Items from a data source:
--------------------
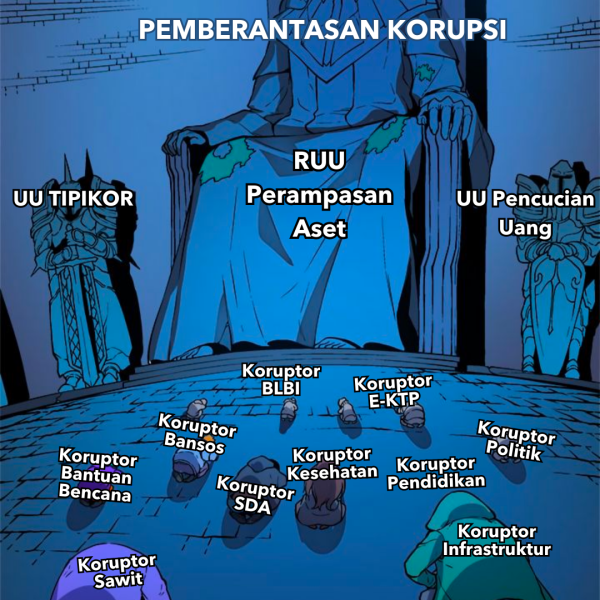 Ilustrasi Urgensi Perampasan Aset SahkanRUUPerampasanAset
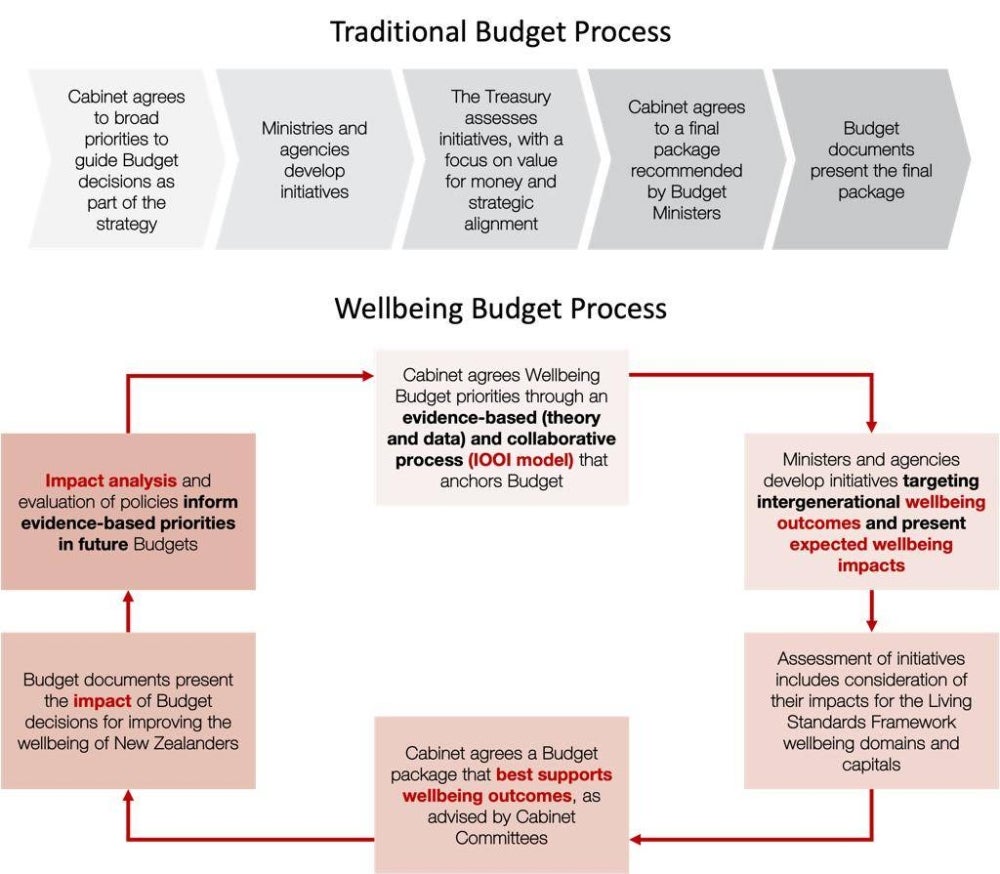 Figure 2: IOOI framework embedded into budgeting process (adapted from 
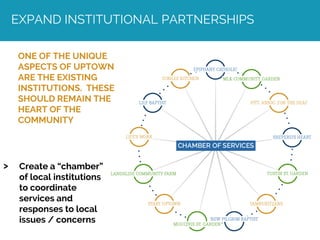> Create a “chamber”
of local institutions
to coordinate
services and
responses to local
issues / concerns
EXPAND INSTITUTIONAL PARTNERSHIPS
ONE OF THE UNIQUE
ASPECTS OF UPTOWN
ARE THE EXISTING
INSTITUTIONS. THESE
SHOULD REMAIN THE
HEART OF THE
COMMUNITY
--------------------
▶ [What needs to be done]: The data above must be given again in full and unaltered, minus its images.

▶ [Expected answer]:
 Ilustrasi Urgensi Perampasan Aset SahkanRUUPerampasanAset
 Figure 2: IOOI framework embedded into budgeting process (adapted from 
> Create a “chamber”
of local institutions
to coordinate
services and
responses to local
issues / concerns
EXPAND INSTITUTIONAL PARTNERSHIPS
ONE OF THE UNIQUE
ASPECTS OF UPTOWN
ARE THE EXISTING
INSTITUTIONS. THESE
SHOULD REMAIN THE
HEART OF THE
COMMUNITY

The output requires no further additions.